Both types of traversal start from the set of vertices in the current layer. They use the extension function to access each outgoing edge/incoming edge/outgoing and incoming edges, and use a user-defined filter function to determine if the extension is successful. If successful, the neighboring vertex/appended path with the edge is added to the set of vertices/paths in the next layer.

```c
void ExpandOutEdges(
    std::function<bool(OutEdgeIterator &)> out_edge_filter = nullptr,
    std::function<bool(VertexIterator &)> out_neighbour_filter = nullptr
);
void ExpandInEdges(
    std::function<bool(InEdgeIterator &)> in_edge_filter = nullptr,
    std::function<bool(VertexIterator &)> in_neighbour_filter = nullptr
);
void ExpandEdges(
    std::function<bool(OutEdgeIterator &)> out_edge_filter = nullptr,
    std::function<bool(InEdgeIterator &)> in_edge_filter = nullptr,
    std::function<bool(VertexIterator &)> out_neighbour_filter = nullptr,
    std::function<bool(VertexIterator &)> in_neighbour_filter = nullptr
);
```

The above describes the three traversal methods of FrontierTraversal. It starts from the current set of vertices and, for each vertex in the set, iterates through each outgoing edge/incoming edge/outgoing and incoming edges.
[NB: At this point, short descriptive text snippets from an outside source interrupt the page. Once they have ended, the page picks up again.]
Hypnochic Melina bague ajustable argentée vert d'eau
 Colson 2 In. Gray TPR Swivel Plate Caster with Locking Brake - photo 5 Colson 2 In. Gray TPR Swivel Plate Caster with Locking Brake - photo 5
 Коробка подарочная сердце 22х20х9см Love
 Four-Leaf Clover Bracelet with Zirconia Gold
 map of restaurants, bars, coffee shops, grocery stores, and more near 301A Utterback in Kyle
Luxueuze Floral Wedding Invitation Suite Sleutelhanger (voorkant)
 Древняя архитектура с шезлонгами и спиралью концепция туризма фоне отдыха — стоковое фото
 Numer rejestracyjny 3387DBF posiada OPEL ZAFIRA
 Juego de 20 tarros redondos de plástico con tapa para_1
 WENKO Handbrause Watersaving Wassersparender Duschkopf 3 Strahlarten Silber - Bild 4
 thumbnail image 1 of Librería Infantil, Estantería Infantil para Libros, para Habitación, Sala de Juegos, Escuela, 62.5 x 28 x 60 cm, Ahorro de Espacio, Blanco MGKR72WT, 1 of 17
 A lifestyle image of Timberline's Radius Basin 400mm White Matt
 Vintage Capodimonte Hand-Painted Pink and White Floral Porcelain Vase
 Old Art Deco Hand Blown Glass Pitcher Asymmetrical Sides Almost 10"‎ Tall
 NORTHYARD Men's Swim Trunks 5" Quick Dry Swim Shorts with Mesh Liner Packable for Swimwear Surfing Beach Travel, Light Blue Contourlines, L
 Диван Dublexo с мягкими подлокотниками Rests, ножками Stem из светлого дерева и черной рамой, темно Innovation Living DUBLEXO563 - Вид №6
If the edge or neighbor vertex satisfies the user-defined filter conditions (where edge_filter is the filter function for edges and neighbour_filter is the filter function for neighbor vertices), the neighbor vertex is added to the new set of vertices.

```c
ParallelVector<size_t> & GetFrontier();
```

After the expansion of the current set of vertices is finished, the new set of vertices can be obtained using the above method.

```c
void ExpandOutEdges(
    std::function<bool(OutEdgeIterator &, Path &, IteratorHelper &)> out_edge_filter = nullptr,
    std::function<bool(VertexIterator &, Path &, IteratorHelper &)> out_neighbour_filter = nullptr
);
void ExpandInEdges(
    std::function<bool(InEdgeIterator &, Path &, IteratorHelper &)> in_edge_filter = nullptr,
    std::function<bool(VertexIterator &, Path &, IteratorHelper &)> in_neighbour_filter = nullptr
);
void ExpandEdges(
    std::function<bool(OutEdgeIterator &, Path &, IteratorHelper &)> out_edge_filter = nullptr,
    std::function<bool(InEdgeIterator &, Path &, IteratorHelper &)> in_edge_filter = nullptr,
    std::function<bool(VertexIterator &, Path &, IteratorHelper &)> out_neighbour_filter = nullptr,
    std::function<bool(VertexIterator &, Path &, IteratorHelper &)> in_neighbour_filter = nullptr
);
```

The three traversal methods of PathTraversal are similar to FrontierTraversal, except that the user-defined filter function adds two additional parameters: Path, which contains the path before the new edge is expanded, and IteratorHelper, which can be used to convert the vertices/edges in the path to corresponding iterators in the database. The relevant documentation can be found in the corresponding C++ API documentation.